═════ Collected material ═════

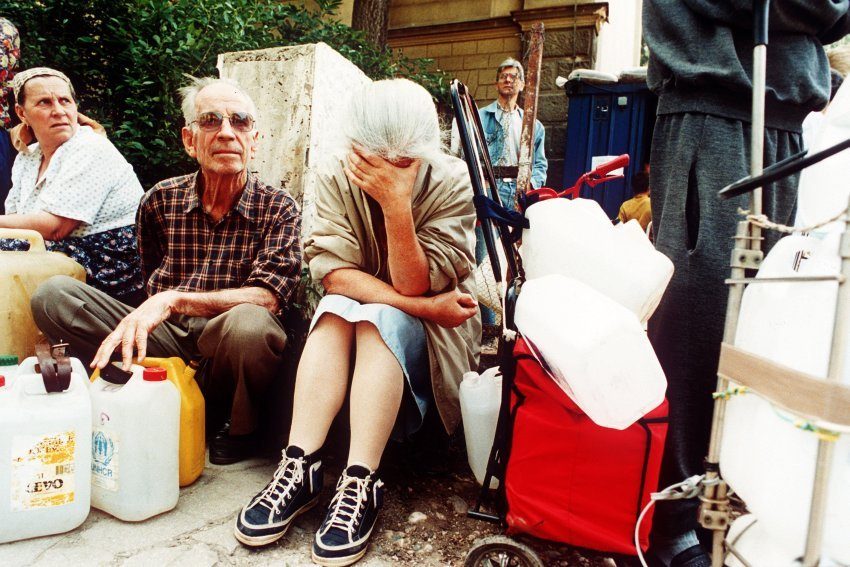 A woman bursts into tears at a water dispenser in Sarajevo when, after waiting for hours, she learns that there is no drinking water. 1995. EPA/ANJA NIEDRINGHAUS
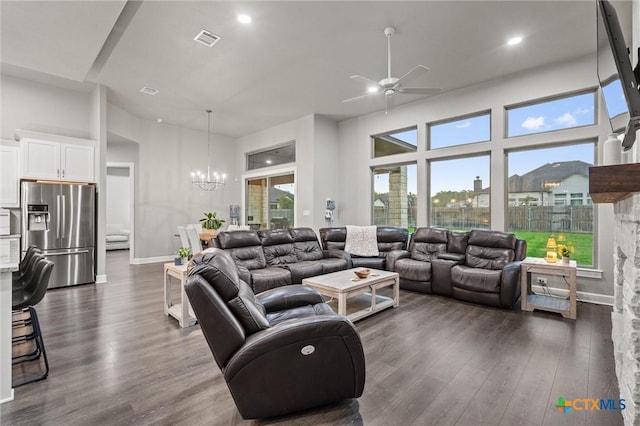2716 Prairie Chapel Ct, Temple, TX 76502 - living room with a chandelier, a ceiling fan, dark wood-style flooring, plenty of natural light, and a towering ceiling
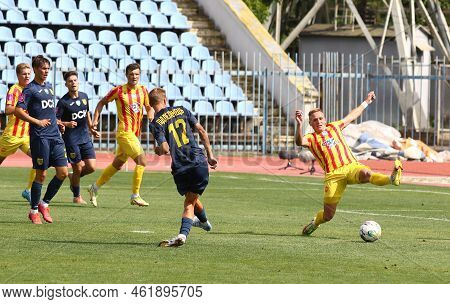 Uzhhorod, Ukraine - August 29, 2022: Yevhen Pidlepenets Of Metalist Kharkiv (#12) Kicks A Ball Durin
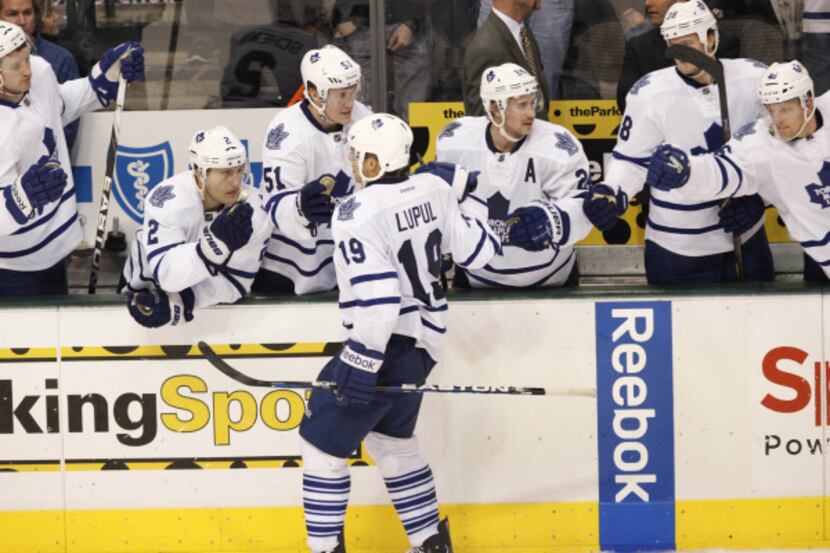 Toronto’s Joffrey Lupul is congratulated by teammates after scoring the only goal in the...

═════

With pictures left out, repeat exactly the lines from the one containing "Uzhhorod, Ukraine - August" through the last line of the data above, inclusive, and nothing else.

[Solved exercise]
 Uzhhorod, Ukraine - August 29, 2022: Yevhen Pidlepenets Of Metalist Kharkiv (#12) Kicks A Ball Durin
 Toronto’s Joffrey Lupul is congratulated by teammates after scoring the only goal in the...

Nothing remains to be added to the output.